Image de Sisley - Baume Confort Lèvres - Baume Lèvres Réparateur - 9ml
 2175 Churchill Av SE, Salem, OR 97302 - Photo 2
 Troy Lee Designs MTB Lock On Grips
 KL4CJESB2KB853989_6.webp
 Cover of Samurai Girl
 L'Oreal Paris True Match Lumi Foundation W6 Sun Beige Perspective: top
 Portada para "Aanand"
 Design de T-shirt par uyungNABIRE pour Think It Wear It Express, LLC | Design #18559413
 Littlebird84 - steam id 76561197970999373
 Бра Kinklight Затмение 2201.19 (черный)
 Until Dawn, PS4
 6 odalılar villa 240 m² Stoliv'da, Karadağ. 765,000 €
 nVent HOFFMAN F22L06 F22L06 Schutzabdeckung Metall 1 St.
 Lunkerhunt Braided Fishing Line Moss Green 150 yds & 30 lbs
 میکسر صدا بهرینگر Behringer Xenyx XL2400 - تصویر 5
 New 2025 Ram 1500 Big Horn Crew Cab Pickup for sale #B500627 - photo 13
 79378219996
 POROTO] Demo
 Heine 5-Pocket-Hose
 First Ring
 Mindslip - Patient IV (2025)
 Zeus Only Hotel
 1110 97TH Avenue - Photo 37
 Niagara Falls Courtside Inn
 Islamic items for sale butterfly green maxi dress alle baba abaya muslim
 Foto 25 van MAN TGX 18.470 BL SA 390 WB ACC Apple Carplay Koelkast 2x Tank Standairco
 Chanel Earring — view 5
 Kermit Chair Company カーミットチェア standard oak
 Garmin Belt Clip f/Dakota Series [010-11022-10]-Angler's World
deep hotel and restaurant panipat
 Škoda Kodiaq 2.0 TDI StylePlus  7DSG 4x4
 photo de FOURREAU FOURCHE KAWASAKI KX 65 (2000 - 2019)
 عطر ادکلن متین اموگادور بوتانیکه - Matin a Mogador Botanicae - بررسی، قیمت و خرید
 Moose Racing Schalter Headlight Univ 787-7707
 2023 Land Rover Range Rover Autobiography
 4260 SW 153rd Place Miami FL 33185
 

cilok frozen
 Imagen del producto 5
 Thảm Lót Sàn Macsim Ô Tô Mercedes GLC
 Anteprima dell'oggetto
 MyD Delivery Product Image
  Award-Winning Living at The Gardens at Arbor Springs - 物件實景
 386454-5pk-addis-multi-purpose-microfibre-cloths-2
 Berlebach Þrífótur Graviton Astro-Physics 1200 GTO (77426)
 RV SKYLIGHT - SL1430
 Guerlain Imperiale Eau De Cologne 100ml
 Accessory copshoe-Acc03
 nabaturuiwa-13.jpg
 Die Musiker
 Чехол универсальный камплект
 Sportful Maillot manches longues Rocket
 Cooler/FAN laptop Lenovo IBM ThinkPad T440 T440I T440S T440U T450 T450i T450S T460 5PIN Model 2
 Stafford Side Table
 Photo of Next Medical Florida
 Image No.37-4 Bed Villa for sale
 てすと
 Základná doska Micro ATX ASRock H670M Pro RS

### INSTRUCTIONS FOR THE TASK
Looking at the records above, return exactly the lines from the line with "Foto 25 van" to the line with "Škoda Kodiaq 2.0", both ends included.

### EXERCISE RESPONSE
 Foto 25 van MAN TGX 18.470 BL SA 390 WB ACC Apple Carplay Koelkast 2x Tank Standairco
 Chanel Earring — view 5
 Kermit Chair Company カーミットチェア standard oak
 Garmin Belt Clip f/Dakota Series [010-11022-10]-Angler's World
deep hotel and restaurant panipat
 Škoda Kodiaq 2.0 TDI StylePlus  7DSG 4x4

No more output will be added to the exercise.